** Opening Exercise materials block **

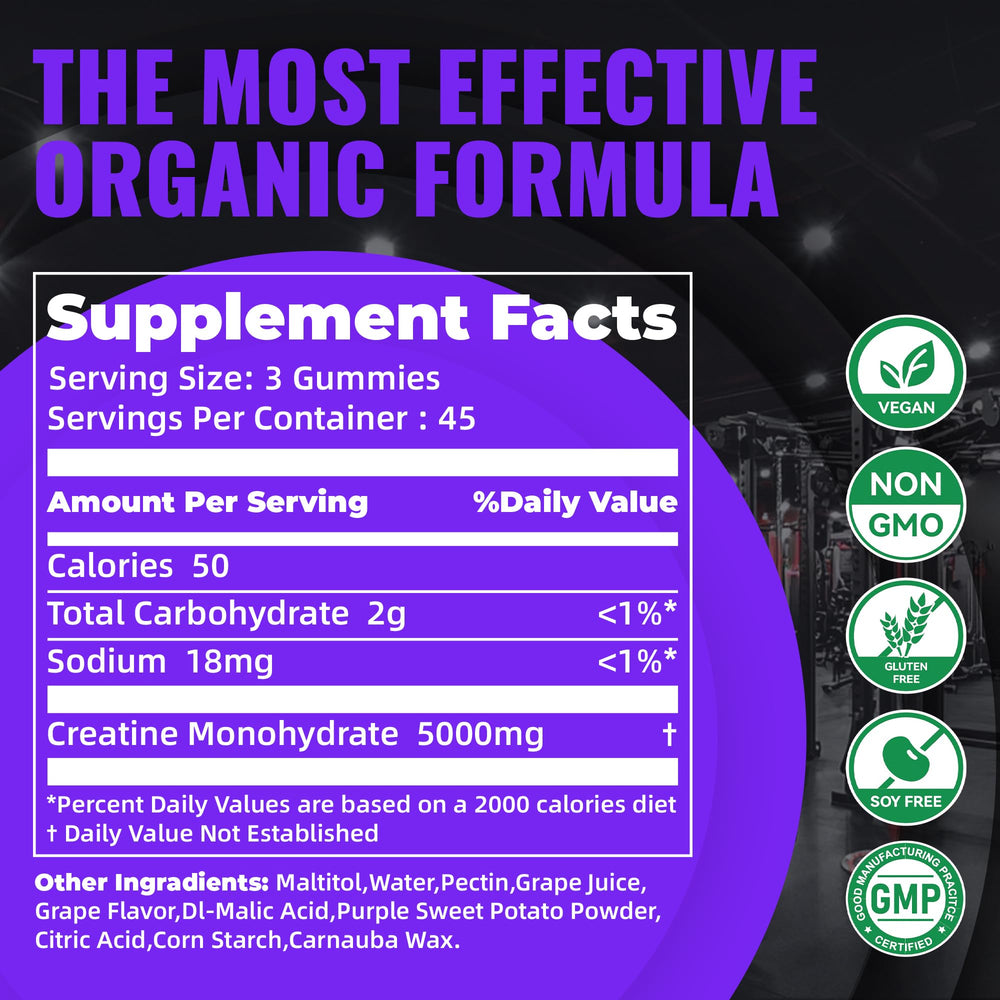 Natures Aid Creatine Monohydrate Gummies close-up reveals chewy texture and grape taste.
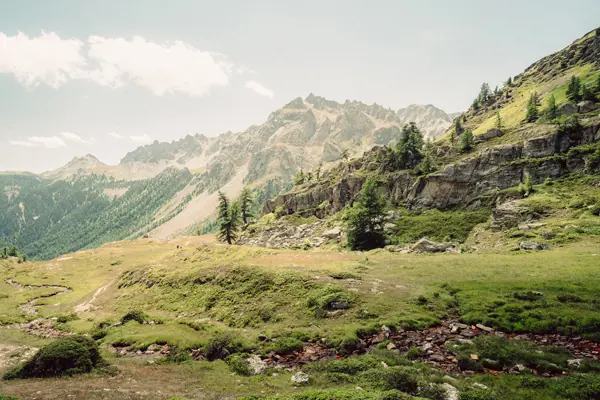 Vallée de montagne verdoyante entourée de sommets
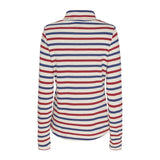 Sea Ranch Gabriela Turtleneck Breton stripe top Long Sleeve Tee 1067 Ecru/Twilight Blue/SR Red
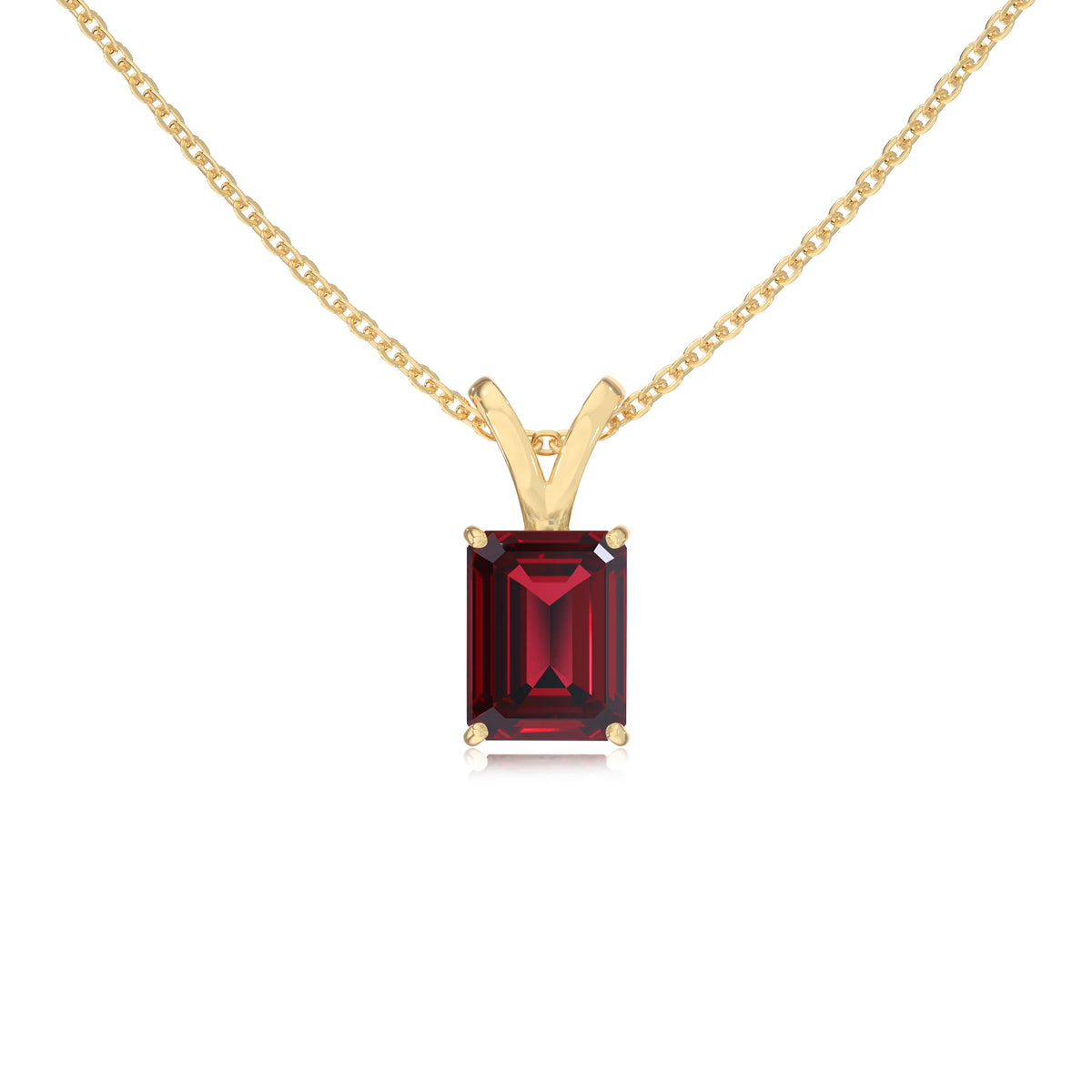 lab grown ruby emerald cut solitaire v-bale necklaces in yellow gold 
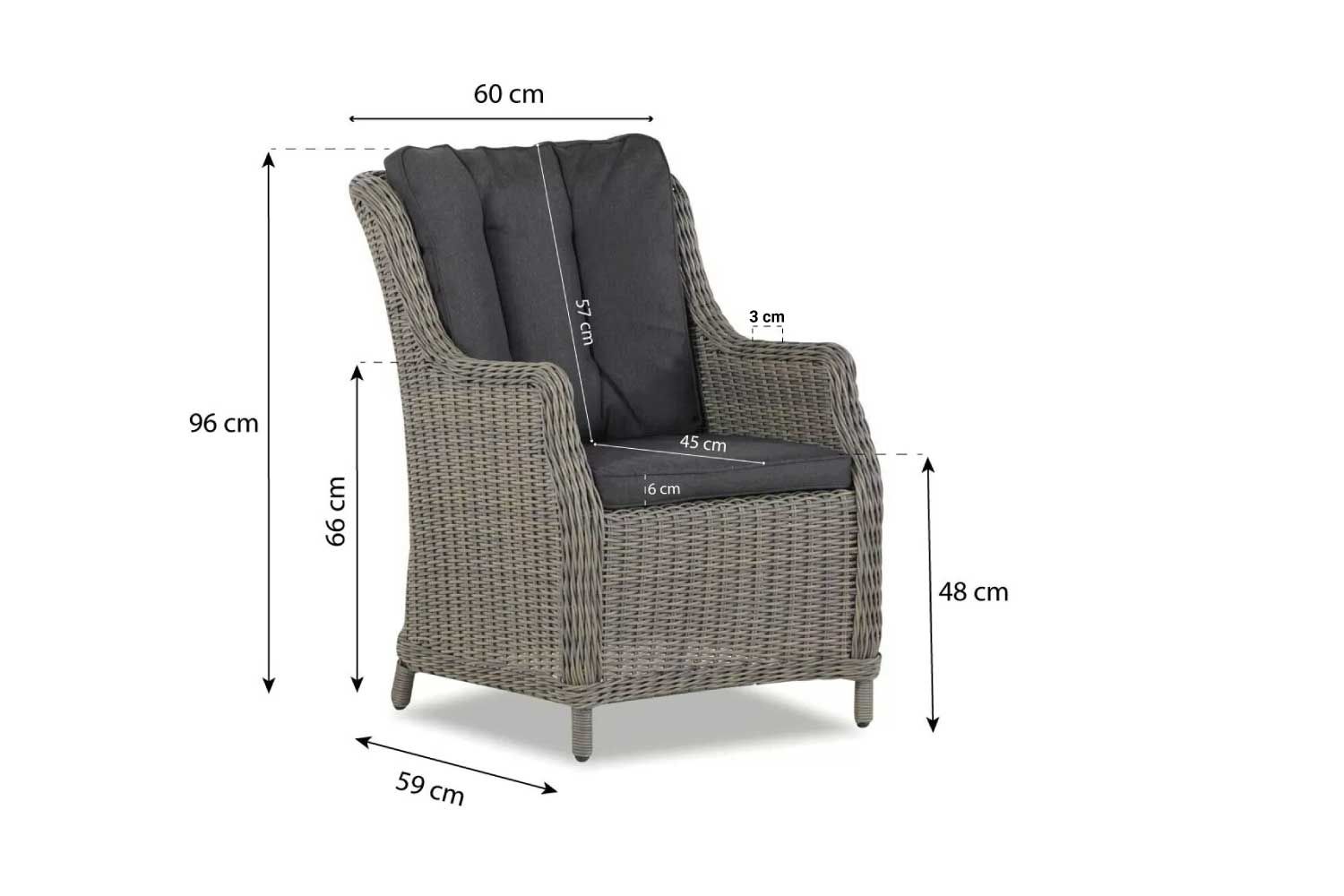 Garden Collections Buckingham dining tuinstoel kubu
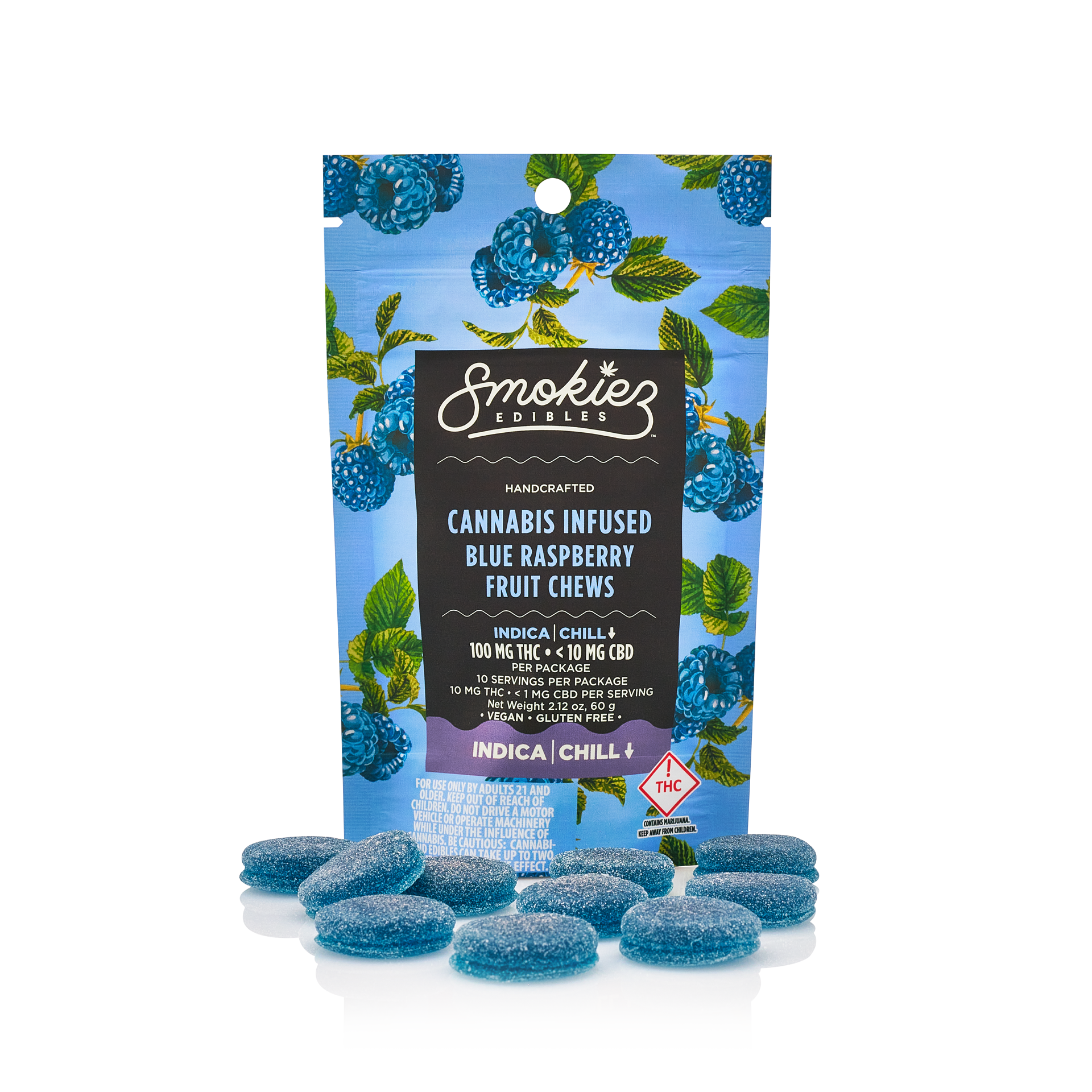 Fruit Chews - Blue Raspberry (indica) -100mg THC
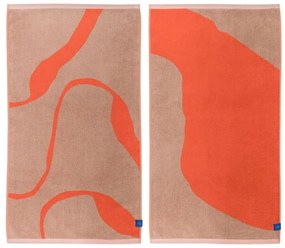 Оранжеви/светлокафяви кърпи в комплект от 2 броя от органичен памук 50x90 cm Nova Arte - Mette Ditmer Denmark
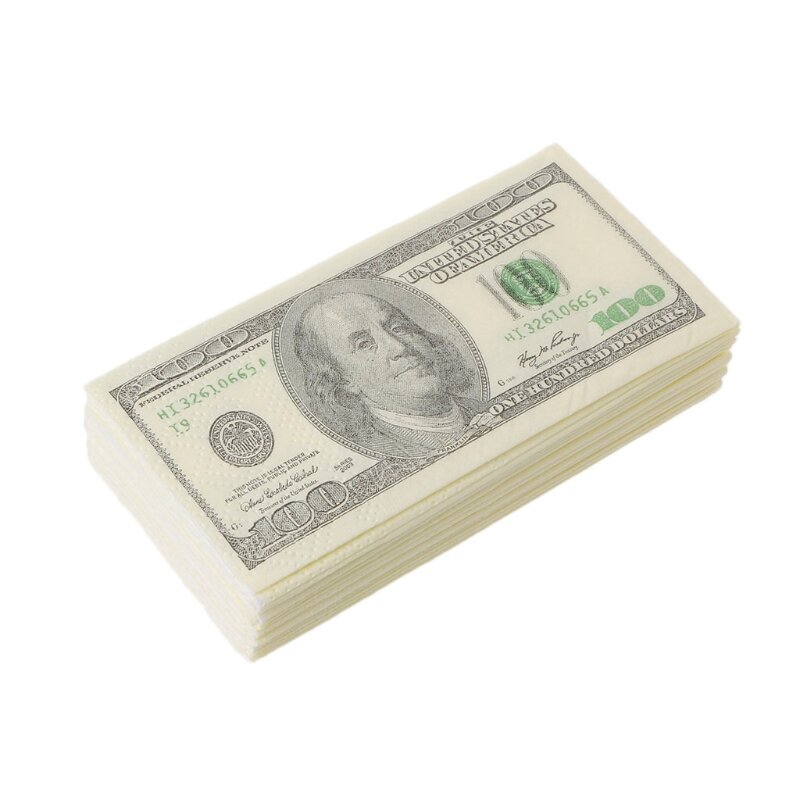 9Pcs/1 Pack 3 Schichten Weichen Druck Dollar Bill Lustige Geld Wc Tissue Papier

** Closing Exercise materials block **

What you should do:
Each line of the material is to be output exactly. Images are not part of the expected output.

Response:
 Natures Aid Creatine Monohydrate Gummies close-up reveals chewy texture and grape taste.
 Vallée de montagne verdoyante entourée de sommets
 Sea Ranch Gabriela Turtleneck Breton stripe top Long Sleeve Tee 1067 Ecru/Twilight Blue/SR Red
 lab grown ruby emerald cut solitaire v-bale necklaces in yellow gold 
 Garden Collections Buckingham dining tuinstoel kubu
 Fruit Chews - Blue Raspberry (indica) -100mg THC
 Оранжеви/светлокафяви кърпи в комплект от 2 броя от органичен памук 50x90 cm Nova Arte - Mette Ditmer Denmark
 9Pcs/1 Pack 3 Schichten Weichen Druck Dollar Bill Lustige Geld Wc Tissue Papier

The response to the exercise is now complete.